Studio album by Pennywise
- Released: June 19, 2001
- Recorded: February–April 2001
- Studio: Stall #2, Redondo Beach, California
- Genre: Punk rock
- Length: 39:30
- Label: Epitaph
- Producers: Joe Barresi, Pennywise

Pennywise chronology
| Live @ the Key Club (2000) | Land of the Free? (2001) | From the Ashes (2003) |

Singles from Land of the free?
- "Fuck Authority" Released: 2001; "Divine Intervention" Released: 2001;

= Land of the Free? =

Land of the Free? is the sixth studio album by American punk rock band Pennywise. Produced by Joe Barresi, the album was released on June 19, 2001. After the commercial success of their previous album, Straight Ahead, Pennywise entered the studio in early 2001 to record a follow-up. Land of the Free? received positive reviews from critics and was well sold worldwide, reaching number 67 on the Billboard Top 200, and number 21 on the Australian ARIA Albums Chart. "Fuck Authority" was released as a single to promote the album.

==Background and production==
Pennywise released their fifth studio album Straight Ahead in June 1999. Its lead single "Alien" subsequently became a radio hit.

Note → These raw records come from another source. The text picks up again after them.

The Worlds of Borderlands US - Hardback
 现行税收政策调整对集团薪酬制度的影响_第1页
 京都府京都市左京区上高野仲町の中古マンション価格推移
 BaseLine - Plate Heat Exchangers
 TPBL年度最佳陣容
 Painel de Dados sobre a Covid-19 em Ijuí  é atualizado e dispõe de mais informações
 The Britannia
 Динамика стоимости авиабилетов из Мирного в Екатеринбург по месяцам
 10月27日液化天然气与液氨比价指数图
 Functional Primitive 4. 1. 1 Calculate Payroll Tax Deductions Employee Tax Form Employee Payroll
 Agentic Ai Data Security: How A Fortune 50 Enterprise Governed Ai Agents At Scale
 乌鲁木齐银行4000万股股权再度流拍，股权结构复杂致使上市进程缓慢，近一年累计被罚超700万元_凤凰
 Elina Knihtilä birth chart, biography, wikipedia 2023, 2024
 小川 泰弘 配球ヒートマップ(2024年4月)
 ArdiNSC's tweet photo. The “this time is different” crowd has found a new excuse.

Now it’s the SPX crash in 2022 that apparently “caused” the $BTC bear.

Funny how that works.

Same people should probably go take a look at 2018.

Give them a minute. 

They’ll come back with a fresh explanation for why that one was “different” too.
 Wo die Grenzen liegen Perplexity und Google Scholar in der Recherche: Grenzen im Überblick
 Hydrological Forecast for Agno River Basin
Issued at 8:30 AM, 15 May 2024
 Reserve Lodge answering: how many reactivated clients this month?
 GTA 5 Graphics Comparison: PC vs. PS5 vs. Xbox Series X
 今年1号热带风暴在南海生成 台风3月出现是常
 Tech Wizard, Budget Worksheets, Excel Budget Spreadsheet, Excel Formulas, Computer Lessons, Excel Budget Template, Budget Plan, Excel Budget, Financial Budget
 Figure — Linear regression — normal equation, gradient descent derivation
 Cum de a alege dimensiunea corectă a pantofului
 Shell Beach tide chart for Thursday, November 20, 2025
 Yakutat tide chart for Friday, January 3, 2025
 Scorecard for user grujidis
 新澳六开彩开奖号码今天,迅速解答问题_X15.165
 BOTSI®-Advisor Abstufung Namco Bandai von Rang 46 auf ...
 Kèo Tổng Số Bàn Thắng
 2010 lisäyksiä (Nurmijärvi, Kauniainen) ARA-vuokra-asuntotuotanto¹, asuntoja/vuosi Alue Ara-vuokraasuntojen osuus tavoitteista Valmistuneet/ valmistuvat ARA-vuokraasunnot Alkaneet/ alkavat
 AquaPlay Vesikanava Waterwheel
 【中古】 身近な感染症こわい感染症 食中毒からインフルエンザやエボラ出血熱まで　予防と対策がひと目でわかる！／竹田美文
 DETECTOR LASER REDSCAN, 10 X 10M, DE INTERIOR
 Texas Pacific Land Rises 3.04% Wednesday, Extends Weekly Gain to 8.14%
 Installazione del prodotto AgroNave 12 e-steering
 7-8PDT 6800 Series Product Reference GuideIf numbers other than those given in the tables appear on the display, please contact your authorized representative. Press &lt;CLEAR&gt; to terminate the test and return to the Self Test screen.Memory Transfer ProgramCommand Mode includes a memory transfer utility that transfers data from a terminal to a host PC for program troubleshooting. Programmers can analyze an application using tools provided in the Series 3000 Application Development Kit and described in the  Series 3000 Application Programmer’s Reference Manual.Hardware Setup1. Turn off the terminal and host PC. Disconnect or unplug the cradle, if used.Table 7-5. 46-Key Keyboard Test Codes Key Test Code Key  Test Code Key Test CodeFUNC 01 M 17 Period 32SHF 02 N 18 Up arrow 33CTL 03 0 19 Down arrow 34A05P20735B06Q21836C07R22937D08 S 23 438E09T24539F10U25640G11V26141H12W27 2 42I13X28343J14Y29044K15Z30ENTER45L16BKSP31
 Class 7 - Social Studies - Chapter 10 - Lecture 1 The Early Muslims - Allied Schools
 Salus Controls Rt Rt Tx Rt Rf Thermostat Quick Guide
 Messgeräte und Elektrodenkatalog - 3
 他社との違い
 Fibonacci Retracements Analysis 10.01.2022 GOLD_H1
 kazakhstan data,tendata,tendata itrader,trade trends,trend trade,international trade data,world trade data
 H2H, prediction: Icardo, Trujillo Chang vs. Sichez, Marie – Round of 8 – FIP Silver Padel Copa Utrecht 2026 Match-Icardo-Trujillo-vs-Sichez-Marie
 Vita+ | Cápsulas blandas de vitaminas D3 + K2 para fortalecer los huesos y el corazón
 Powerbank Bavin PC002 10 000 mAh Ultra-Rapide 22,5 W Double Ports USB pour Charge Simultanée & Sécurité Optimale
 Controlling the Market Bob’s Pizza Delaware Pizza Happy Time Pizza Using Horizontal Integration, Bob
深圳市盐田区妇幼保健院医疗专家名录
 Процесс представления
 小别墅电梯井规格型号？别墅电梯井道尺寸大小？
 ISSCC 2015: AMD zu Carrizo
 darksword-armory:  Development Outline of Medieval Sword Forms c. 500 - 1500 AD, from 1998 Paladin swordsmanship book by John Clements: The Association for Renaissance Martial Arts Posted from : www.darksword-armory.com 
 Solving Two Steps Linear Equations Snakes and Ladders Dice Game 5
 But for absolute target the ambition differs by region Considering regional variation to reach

In the early stages of writing a follow-up, the material focused on social issues, such as their friends dealing with alcoholism and drug addiction. When the band were aware of the political climate around them – namely, school shootings, police corruption, and elections – they shifted their focus on these issues. Due to each member having their own four-track recorder, they were able to show a song in a more complete state to the rest of the band. The band would then work on the songs together; while producer Joe Barresi wasn't present for the majority of the writing sessions, he showed up on a few occasions to aid in the arrangements of two songs.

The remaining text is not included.